The liver is a crucial organ responsible for maintaining homeostasis through diverse metabolic and physiological functions. Studies on liver function in toxicology and pharmacology are essential for understanding drug metabolism, evaluating drug safety and efficacy, determining appropriate dosages for patients with liver disease, and identifying compounds that pose a risk of hepatotoxicity.¹ Accurately predicting liver toxicity in humans remains a major challenge in drug development. Although animal models provide complex liver tissue architecture, they often fail to replicate human-specific toxicity because of fundamental differences in species physiology, metabolic pathways, and disease progression. Similarly, in vitro models frequently lack predictive accuracy as they struggle with non-linear dose–response relationships, ambiguous mechanisms of toxicity, and insufficient organ-specific context and complexity.²

In this study, we introduce high-quality HepatoXcell™ primary human hepatocytes and present multiple in vitro model systems that offer researchers flexible, physiologically relevant options for liver toxicity assessment. Traditional hepatocyte culture methods typically use two-dimensional (2-D) sandwich cultures, where hepatocytes are grown between two layers of extracellular matrix. This configuration provides structural support and promotes the formation of canalicular membranes—the apical domain of polarized hepatocytes—creating a network of channels essential for bile secretion.

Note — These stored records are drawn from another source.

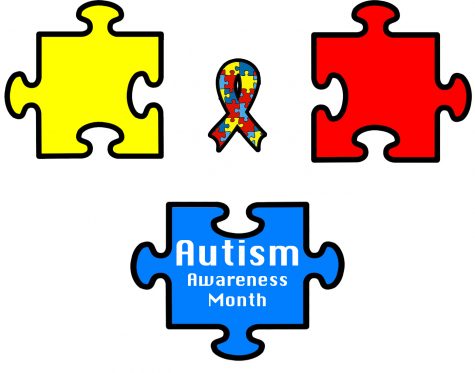 Autism Spectrum Disorder is highlighted during the month of April across the United States. 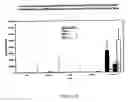 Fig. 09 - Lipid encapsulated interfering RNA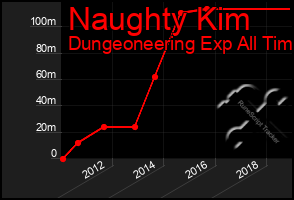 Total Graph of Naughty Kim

However, 2-D cultures have limited capacity to sustain hepatocyte functionality over extended periods. As an alternative, three-dimensional (3-D) hepatocyte spheroids formed through scaffold-free self-assembly enhance cell-cell interactions, better mimic physiological conditions, and allow for extended culture durations. Despite these advantages, 3-D models present challenges such as limited cell survival, altered phenotypes over time, and variability in spheroid formation. Further, the complexity of 3-D models can make them more difficult to handle and manipulate as compared to simpler 2-D cultures.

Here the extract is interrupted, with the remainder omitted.